Vladimira sudah mendapatkan seluruh akal sehatnya ketika jarak antara rombongannya dengan Istana Visegrád semakin menipis. Namun, meskipun sisa-sisa mabuknya yang tak seberapa itu sudah benar-benar hilang, Vladimira tetap tidak bisa merangkai kalimat yang tepat untuk diutarakan kepada Raja Matthias Corvinus. Lama-kelamaan, kepalanya terasa seperti mau pecah karena kebingungan.

"Hei." Marcus membuka lubang kotak antara kusir dan penumpang. "Kita sudah memasuki Visegrád."

"Aku tidak tahu apa yang hendak kukatakan pada Raja Matthias Corvinus," ungkap Vladimira secara terus terang.

"Aku akan membantumu semampuku," ujar Marcus sebelum menutup lubang kotak tadi.

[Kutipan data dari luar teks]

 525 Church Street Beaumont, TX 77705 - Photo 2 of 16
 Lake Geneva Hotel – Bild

Vladimira menjulurkan tangannya untuk membuka tirai jendela, dan melihat bagaimana bangunan-bangunan di luar sana berdiri. Terlihat jelas betapa berbedanya arsitektur rakyat Hungaria dengan arsitektur rakyat Romanum Novum. Hungaria kental bergaya khas bangsa Magyar, sementara Romanum Novum dipengaruhi oleh kebudayaan Romawi dam Byzantium. Tapi, sekarang bukanlah waktu untuk membandingkan desain arsitektur. Dalam hitungan menit, mereka akan sampai, dan Vladimira belum menemukan kata pembuka yang tepat.

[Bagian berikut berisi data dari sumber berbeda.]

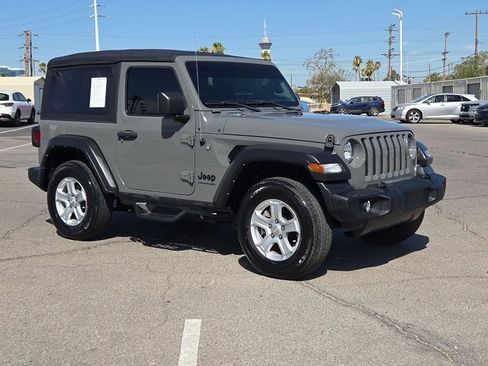 Used 2022 Jeep Wrangler Sport AWD/4WD image 3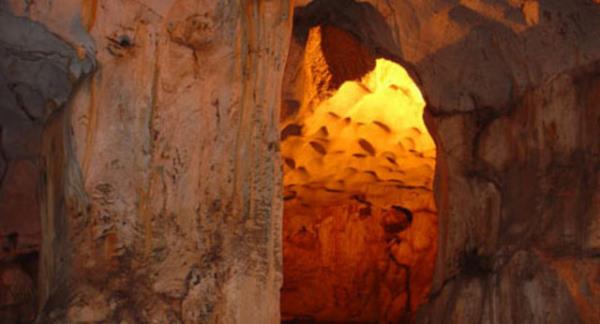 lk uygarlklardan bugne Karain maaralar, Trkiye'nin en byk ve ayn zamanda iinde insan yaayan dogal maaralar arasnda yer alyor.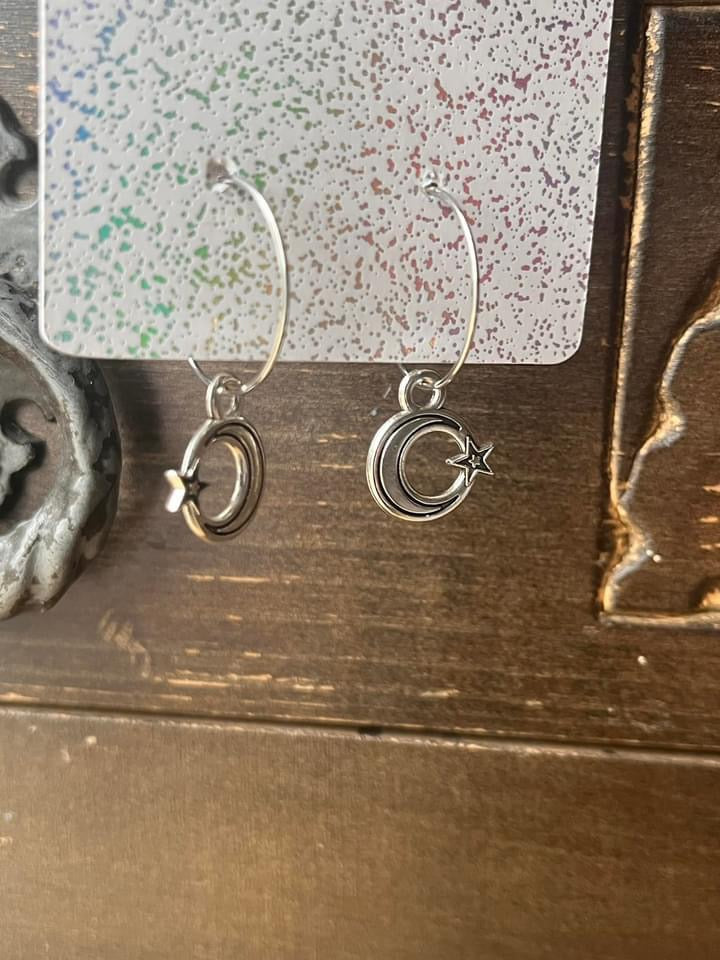 Small moon and star hoops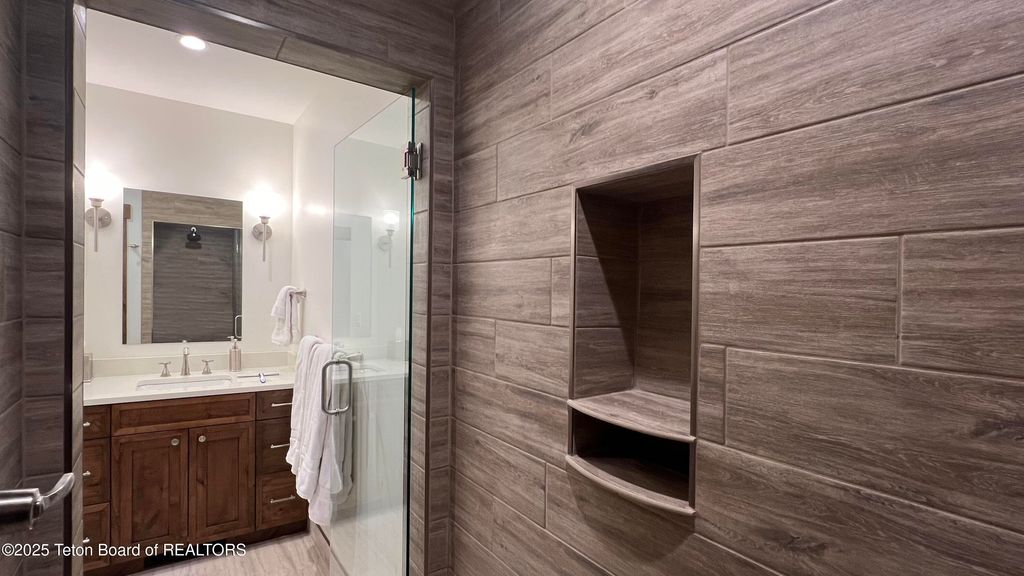 20 DIAMANDIS DR 20, Alpine, WY 83128 photo 16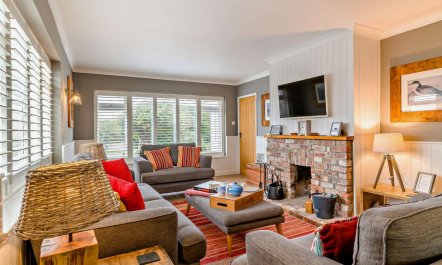 4 Bed in Dorchester 4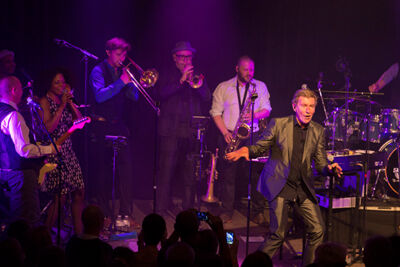 Soulsister @ De Casino, picture 13, photographed by dirk janssens - FrontView Magazine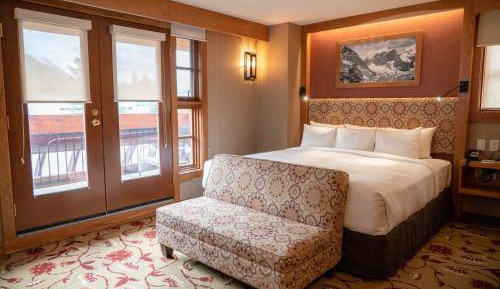 King Suite – Mountain View Balcony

Sambil terus berpikir, Vladimira meraih tas serut sederhana miliknya, lantas memakai kembali kalung salib ypsilon dan cincin berlian merah yang sempat ia sembunyikan selama perjalanan. Setidaknya, walaupun penampilan mereka berantakan karena efek perjalanan yang sangat jauh, mereka masih bisa terlihat seperti selayaknya bangsawan dengan satu atau dua perhiasan mewah.

Kereta kuda mereka berhenti di depan gerbang Istana Visegrád, dan Marcus segera mengatakan kepentingan mereka kepada penjaga gerbang. Marquess dari Mariante itu hanya menyebut diri mereka sebagai bangsawan dari Romanum Novum yang memiliki kepentingan antar negara dengan Hungaria.

Salah satu penjaga gerbang pergi ke dalam untuk menghadap raja mereka terlebih dahulu, sementara rombongan Vladimira terus menunggu.

"Siapa nama kalian?" tanya penjaga gerbang tadi ketika kembali lagi.

"Marquess Marcus Theotokis dan Lady Vladimira Ypsilantis dari Romanum Novum," jawab Marcus.

Kemudian, sekali lagi, mereka harus menunggu, karena penjaga tadi harus melapor lagi.